Activity: With pictures excluded, copy word for word the lines in the data below from the line containing "Oturma odasındaki kanepede" through the line containing "Sade beyaz bir".

Excerpted records:
···

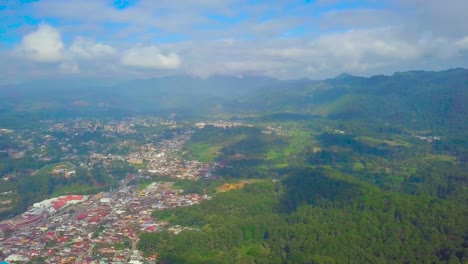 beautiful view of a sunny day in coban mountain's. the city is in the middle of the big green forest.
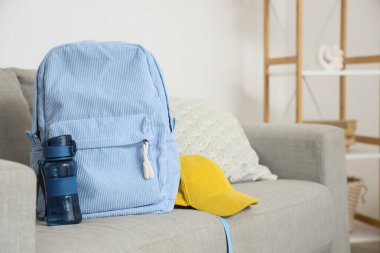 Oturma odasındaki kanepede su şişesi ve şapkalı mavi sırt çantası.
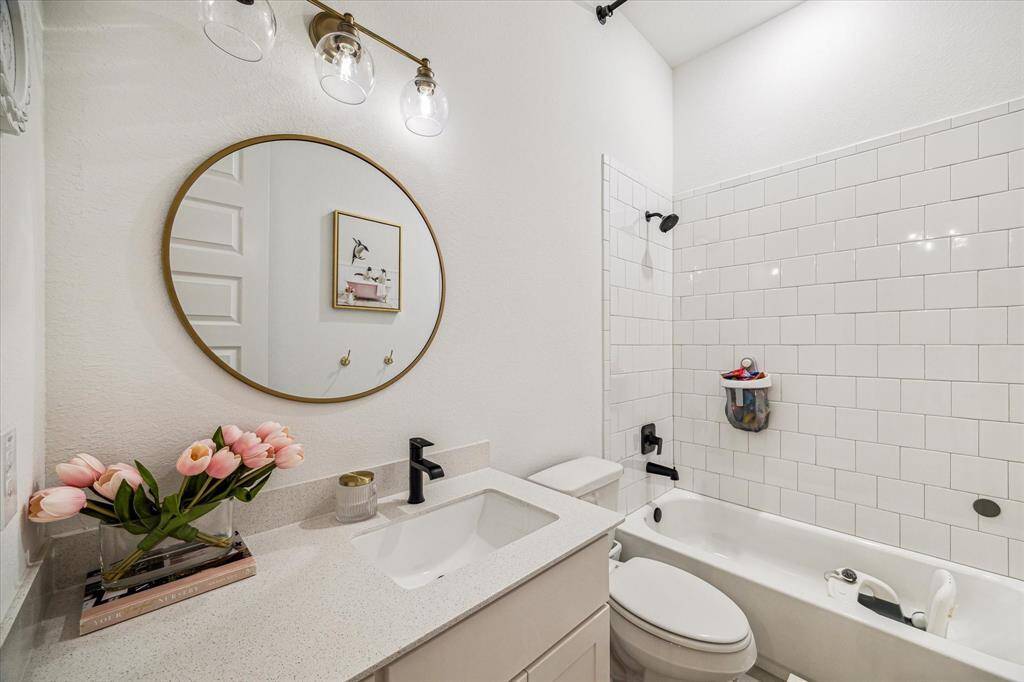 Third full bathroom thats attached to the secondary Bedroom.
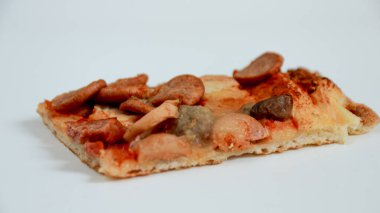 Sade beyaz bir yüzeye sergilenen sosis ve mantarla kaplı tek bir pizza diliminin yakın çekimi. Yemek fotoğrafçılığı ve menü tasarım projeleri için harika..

···

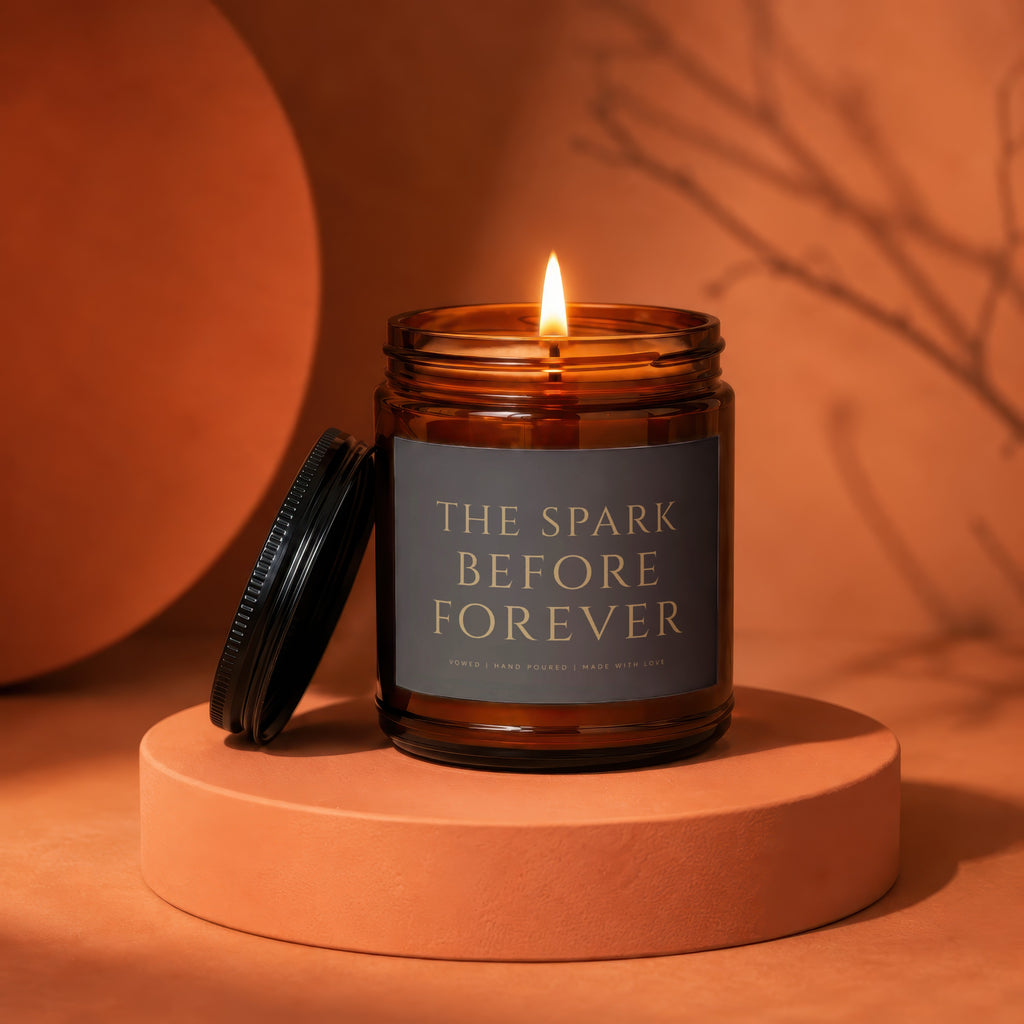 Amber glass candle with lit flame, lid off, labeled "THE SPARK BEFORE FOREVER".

···

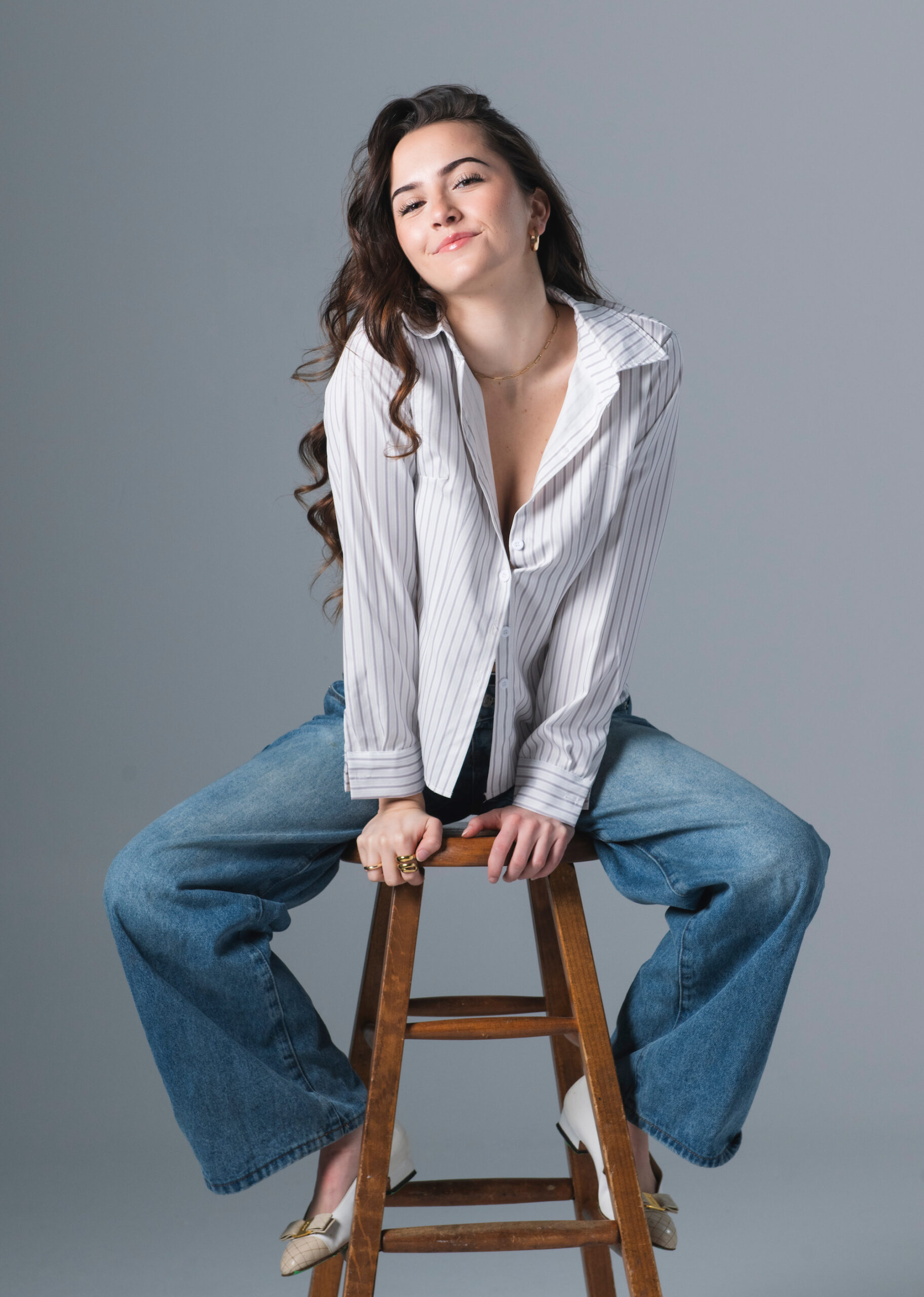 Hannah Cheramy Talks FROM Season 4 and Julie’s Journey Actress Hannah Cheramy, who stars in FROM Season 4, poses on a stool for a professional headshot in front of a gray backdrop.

···

Expected output:
 Oturma odasındaki kanepede su şişesi ve şapkalı mavi sırt çantası.
 Third full bathroom thats attached to the secondary Bedroom.
 Sade beyaz bir yüzeye sergilenen sosis ve mantarla kaplı tek bir pizza diliminin yakın çekimi. Yemek fotoğrafçılığı ve menü tasarım projeleri için harika..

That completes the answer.